◆ **Instructions to follow**
Copying rule for the data below: pictures stay out, and only the lines from the one with "unfurnished sunroom featuring" down to the one with "Charm de tenis moña blanca", inclusive, are repeated exactly.

◆ **Record set**
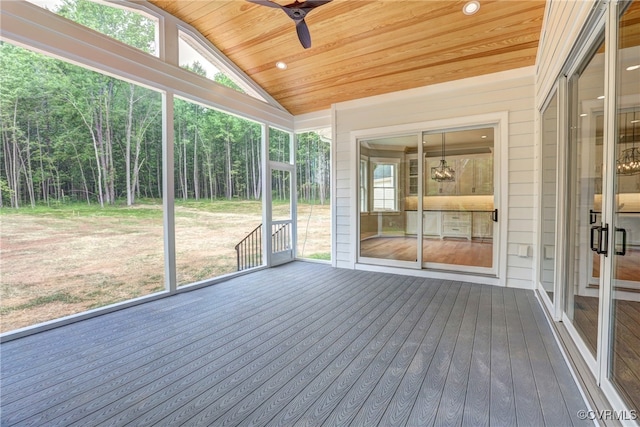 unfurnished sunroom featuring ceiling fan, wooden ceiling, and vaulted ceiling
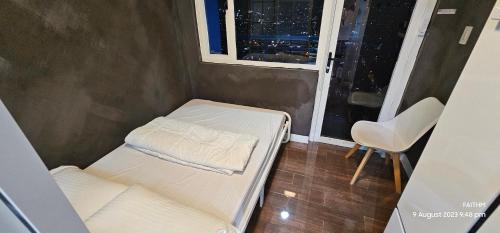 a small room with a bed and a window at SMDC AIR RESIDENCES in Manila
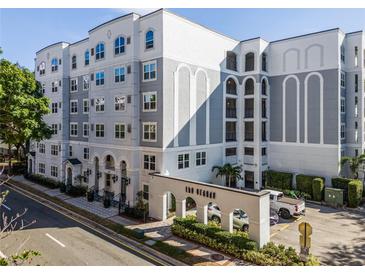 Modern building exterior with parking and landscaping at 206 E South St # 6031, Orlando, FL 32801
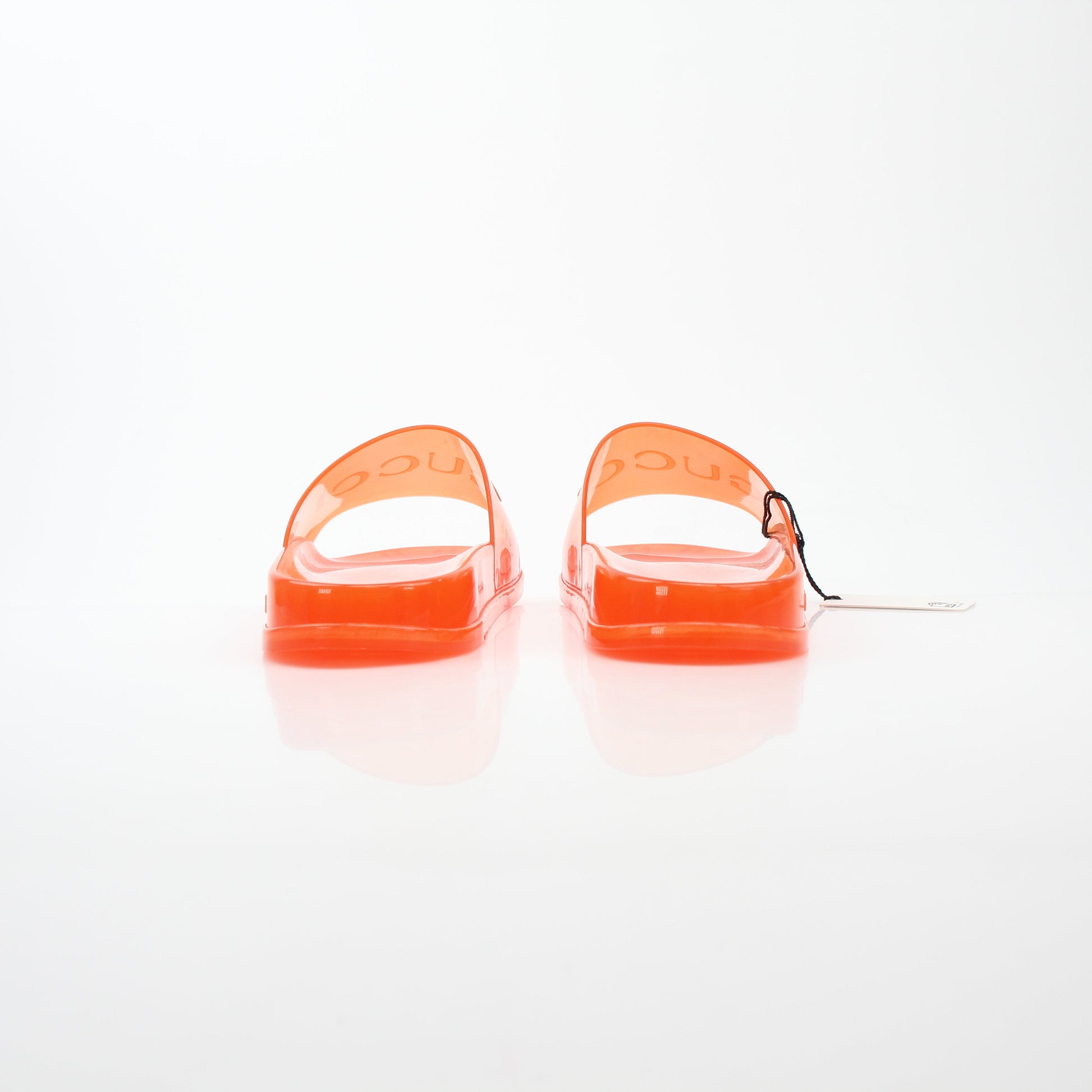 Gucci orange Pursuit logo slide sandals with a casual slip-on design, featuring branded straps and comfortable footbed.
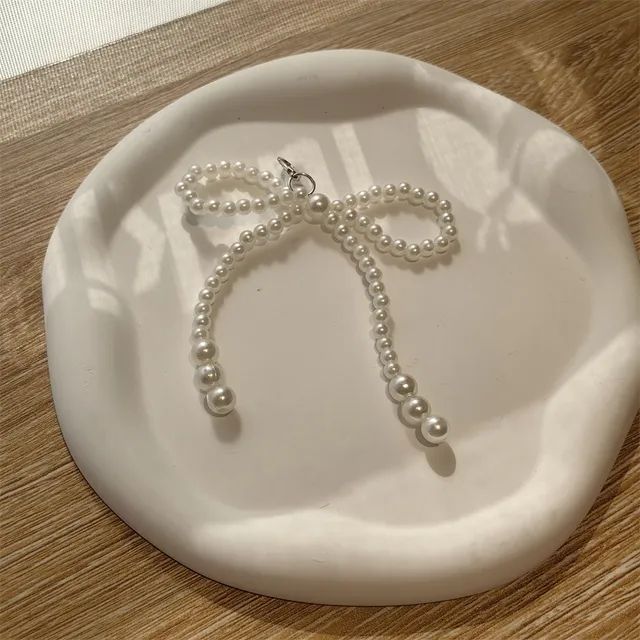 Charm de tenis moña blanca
==
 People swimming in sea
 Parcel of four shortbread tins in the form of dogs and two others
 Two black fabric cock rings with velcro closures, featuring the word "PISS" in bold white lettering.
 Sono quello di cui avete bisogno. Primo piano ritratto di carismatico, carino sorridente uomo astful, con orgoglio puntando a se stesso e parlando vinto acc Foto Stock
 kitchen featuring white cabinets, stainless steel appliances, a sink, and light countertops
* * *
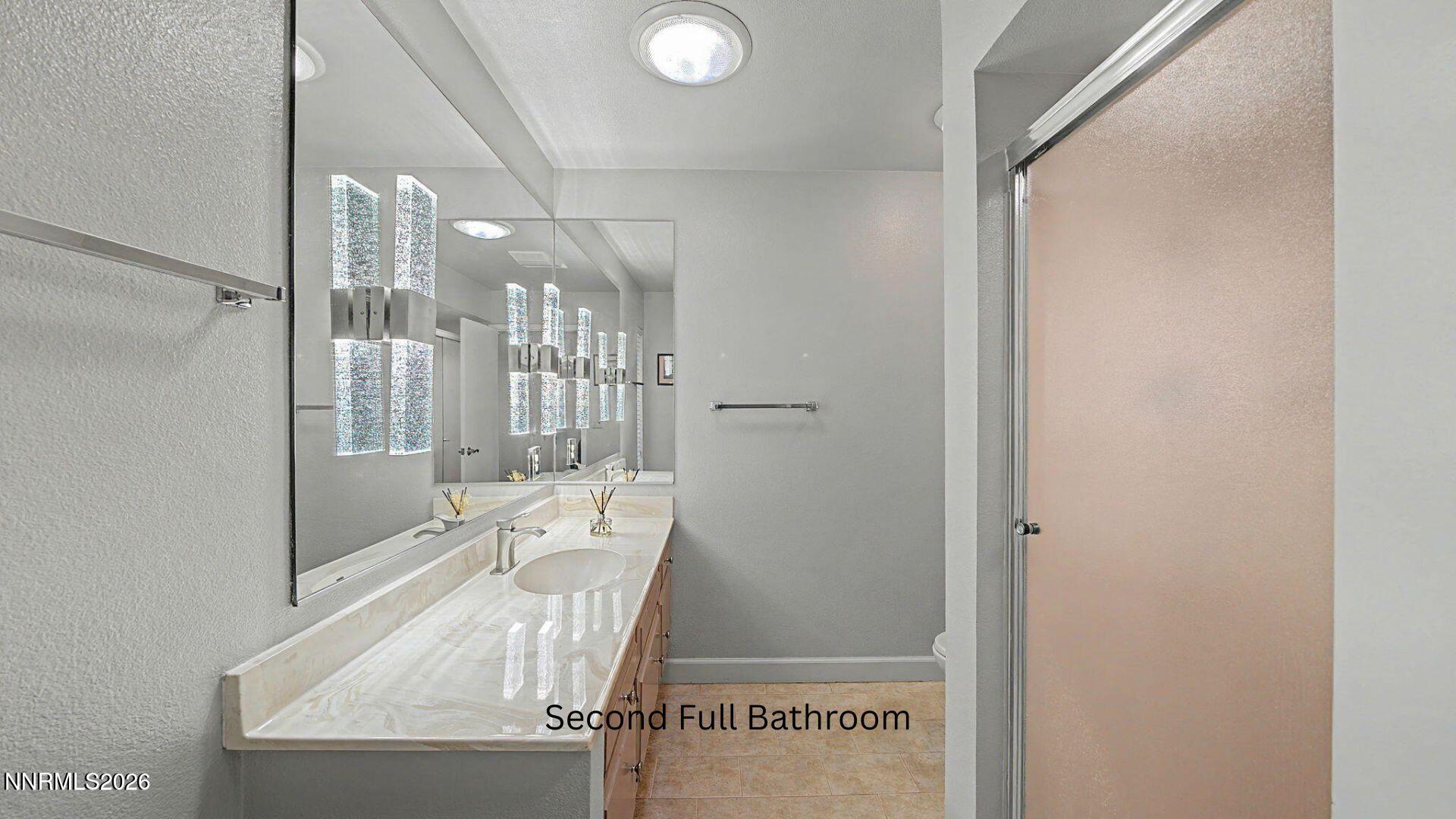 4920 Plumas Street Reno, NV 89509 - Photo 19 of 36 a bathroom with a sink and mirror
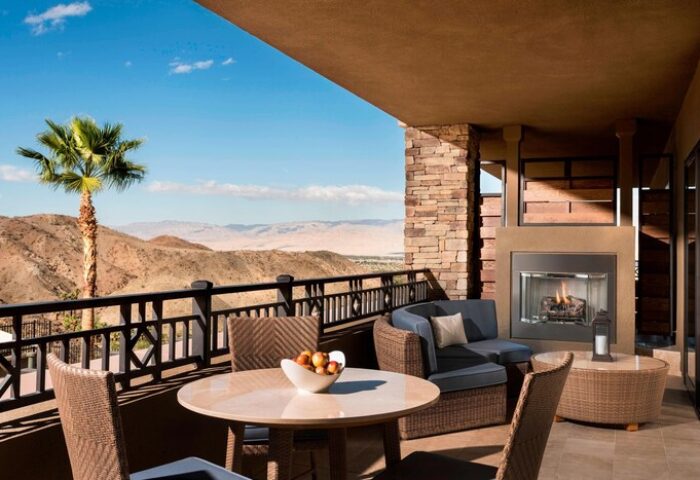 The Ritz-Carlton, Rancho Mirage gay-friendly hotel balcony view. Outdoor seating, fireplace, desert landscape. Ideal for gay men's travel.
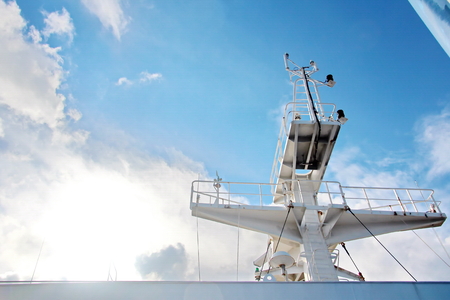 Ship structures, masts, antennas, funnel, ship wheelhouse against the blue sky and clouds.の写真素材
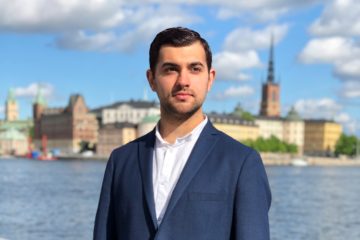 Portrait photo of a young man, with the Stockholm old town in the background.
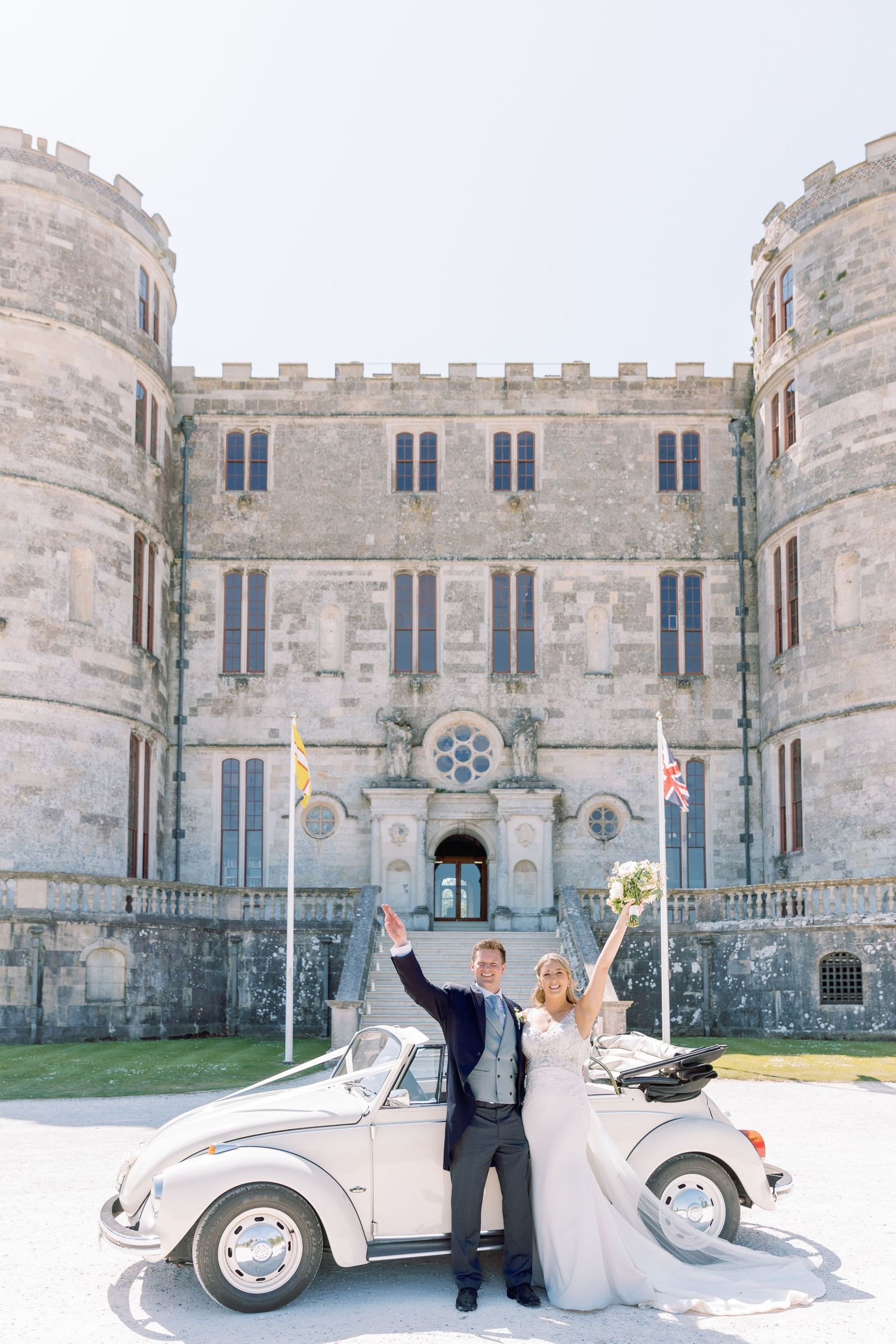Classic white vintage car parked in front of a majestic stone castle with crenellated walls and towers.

◆ **Solution for this task**
 unfurnished sunroom featuring ceiling fan, wooden ceiling, and vaulted ceiling
 a small room with a bed and a window at SMDC AIR RESIDENCES in Manila
 Modern building exterior with parking and landscaping at 206 E South St # 6031, Orlando, FL 32801
 Gucci orange Pursuit logo slide sandals with a casual slip-on design, featuring branded straps and comfortable footbed.
 Charm de tenis moña blanca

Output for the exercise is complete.